The report involved three study participants with severe limb weakness, two with atrophic lateral sclerosis, also known as "Lou Gehrig's disease," and one with a spinal cord injury. They each had an array of electrodes the size of one or two small aspirin tablets that prevented the recording of signals in their brains from the motor cortex, an area that controls muscle movement. These signals are carried over a cable to a computer and converted by an algorithm into click commands that direct the cursor to characters on the on-screen keyboard.

After minimal training, each participant had mastered enough technology to outperform results from previous brain-computer interface tests to enhance communication in people with similar impaired movements. Notably, the study participants achieved higher typing efficiency without using the associative functions commonly found in electronic keyboard applications.

A participant named Dennis Degray from Menlo Park, Calif., was able to type 39 correct characters per minute, which equates to about eight words per minute.

"A major milestone," the

Stanford researchers say, this peer-to-peer approach could be applied to a variety of computing devices, including smartphones and tablets.

"The success of our study marks a major milestone in improving the quality of life of paralyzed patients," said Dr. Jaimie Henderson, professor of neurosurgery, who performed three implant procedures at Stanford Hospital. The third was at Massachusetts General Hospital.
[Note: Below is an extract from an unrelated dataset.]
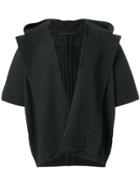 Homme Plissé Issey Miyake Rib Knit Hooded Cardigan - Green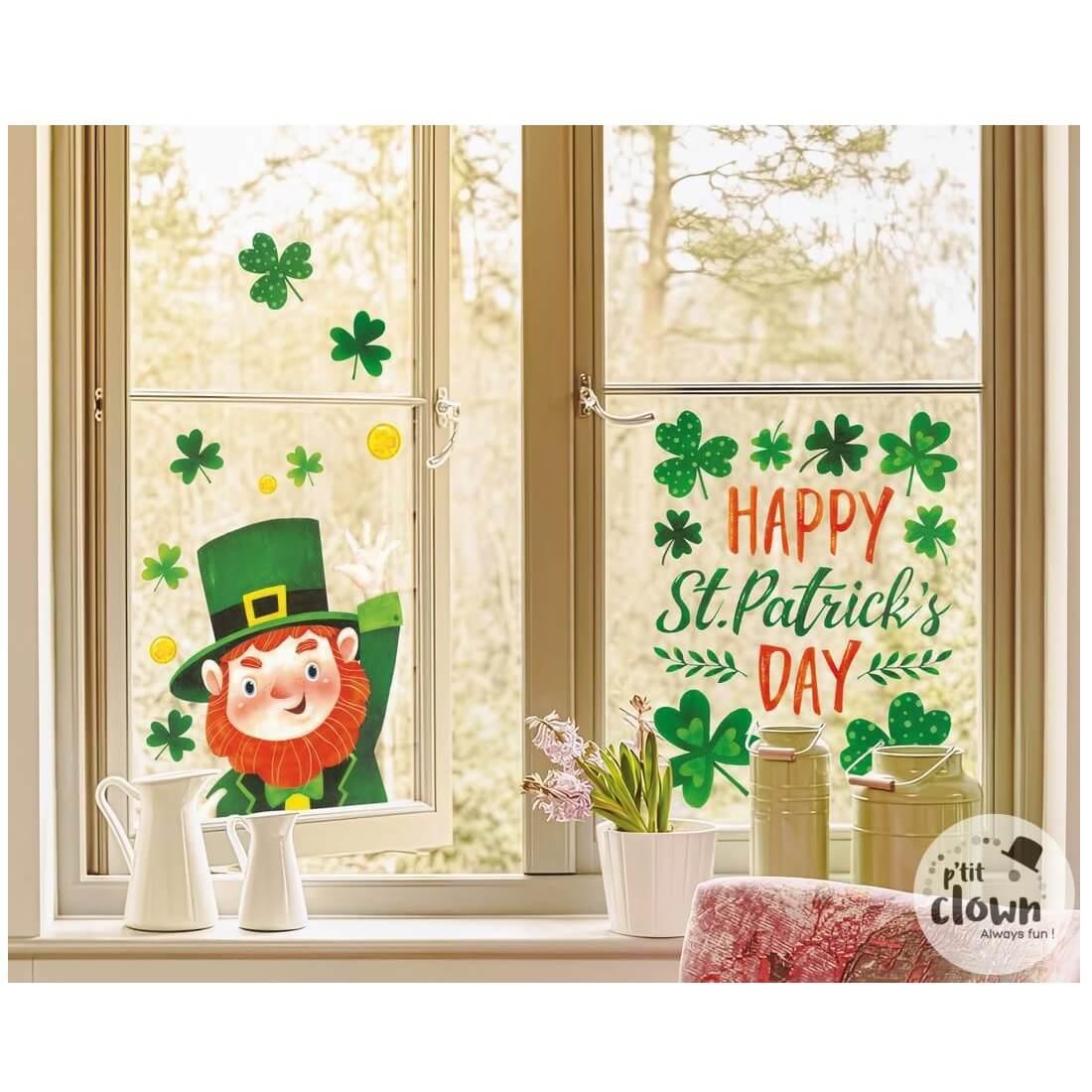 23249 decoraton fenetre avec stickers st patrcik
Henderson and Dr. Krishna Shenoy, both professors of electrical engineering, is the co-senior author of this paper, which was published in eLife on February 21.

Shenoy, a Howard Hughes Medical Institute investigator, said: "This study demonstrates unprecedented speed and accuracy, more than one-third. We are getting close to the speed you can type on your phone." He began in 2009. Started research on brain-computer interfaces and worked with Henderson for 15 years.


Mr Pandarinath, who was jointly appointed by Ackery University and Georgia Tech as an assistant professor of biomedical engineering, said: "It's so exciting that we're achieving a rate of communication that many people with paralyzed arms will find very useful. A critical step in making a device suitable for real-world use."

Shenoy's lab pioneered algorithms for deciphering the complex array of electrical signals emitted by nerve cells in the motor cortex, the brain's motor command center, and converting it in real-time into what is normally executed by the spinal cord and muscles Actions.

"The application of these high-performance brain-computer interface algorithms in human clinical trials shows that this technology can restore communication with paralyzed patients," said Nuyujukian.

Life-Changing

Accidents Millions of paralyzed people live in the United States. Sometimes their paralysis occurs gradually, as in ALS. Sometimes it comes suddenly, like Degray.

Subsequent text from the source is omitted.